Trinity School attracts students from northwest Indiana and southwest Michigan, as well as international students. Located at 107 South Greenlawn Avenue in South Bend, Indiana, it is accredited by the Independent School Association of the Central States (ISACS).

Trinity School at Greenlawn historically had two sister schools, Trinity School at River Ridge (Eagan, Minnesota) and Trinity School at Meadow View (Falls Church, Virginia). The schools were independent and are owned and operated together by Trinity Schools, Inc.
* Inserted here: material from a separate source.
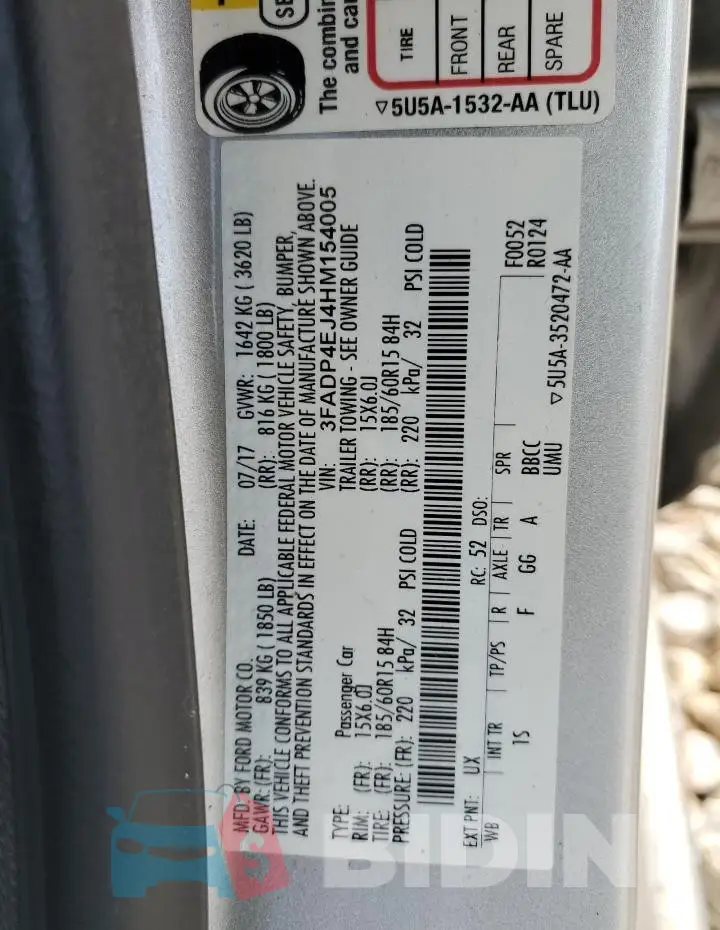 3FADP4EJ4HM154005 Photo# 13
In March 2025, Trinity Schools, Inc. announced that it was ceasing operations of the Trinity School at Meadow View campus in Falls Church, VA. In July 2025, the school announced that it was relocating its Trinity School at Greenlawn Campus to the former St. Stephens School building located at 1024 Thomas Street in South Bend. Trinity School at River Ridge and Trinity School at Greenlawn remain affiliated.
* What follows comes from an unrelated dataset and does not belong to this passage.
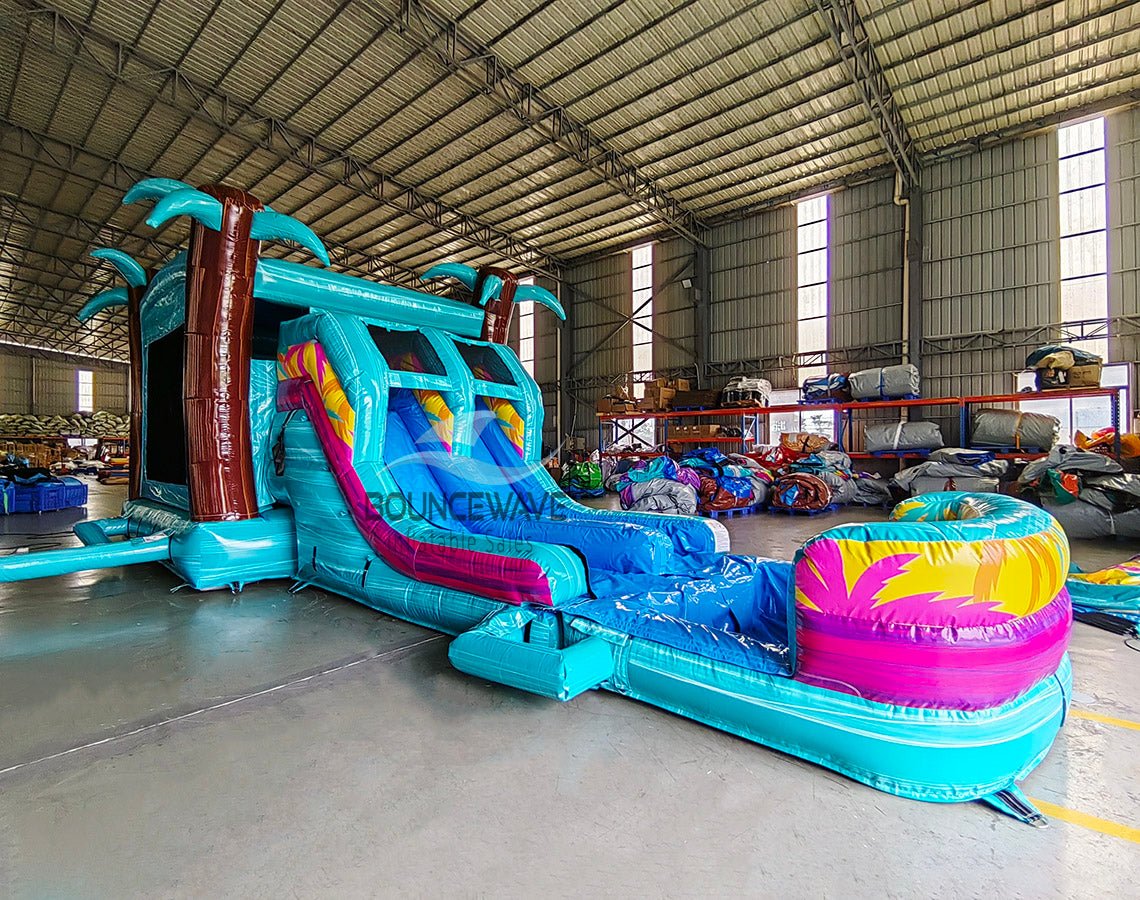 Island Flow Dual Lane Commercial Inflatable Combo (Wet/Dry) - BounceWave Inflatable Sales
Mary Frances Loughran is the head of school at the Greenlawn campus.

==Classes==
The curriculum at Trinity School at Greenlawn includes a 6-year writing course and a 4-year Latin course.

==Athletics==
Trinity School at Greenlawn's mascot is the Titans. The sports for girls are soccer and basketball. The sports for boys are soccer and basketball. Co-ed Track and Field and cross country are also available. Greenlawn has posted its best records in boys' basketball and girls' soccer. The school's home games are normally located at the Trinity School Athletic Center. Greenlawn has also hosted golf, fencing and boxing.

==Facilities==
Trinity School at Greenlawn formerly occupied part of a complex of buildings initially named Elm Court, site of the c. 1914 home of Clement Studebaker Jr. and his family. Studebaker sold the property to Vincent Bendix. Bendix never resided in the mansion, preferring to live in Chicago, but he renovated parts of the building. In the late 1940s the Sisters of St. Joseph of the Third Order of St. Francis purchased the site for use as their motherhouse. The sisters preserved the original mansion, with renovations, and added a new three-story building adjacent to the mansion with a chapel, classrooms and residence space for the order's members. When their ministries shifted geographically away from Indiana, the sisters relocated their motherhouse. The People of Praise community acquired the property in August, 1982, for dual use by Trinity School and by the community's international headquarters. At that point the school became known as Trinity School at Greenlawn, with reference to the address on Greenlawn Avenue. Though there is some overlap, People of Praise offices are situated in the original mansion, and Trinity School leased space in the parts of the building constructed by the sisters.

In July 2025, the school announced that it would be relocating to the former St. Stephens School building at 1024 Thomas Street on the Near West Side of South Bend.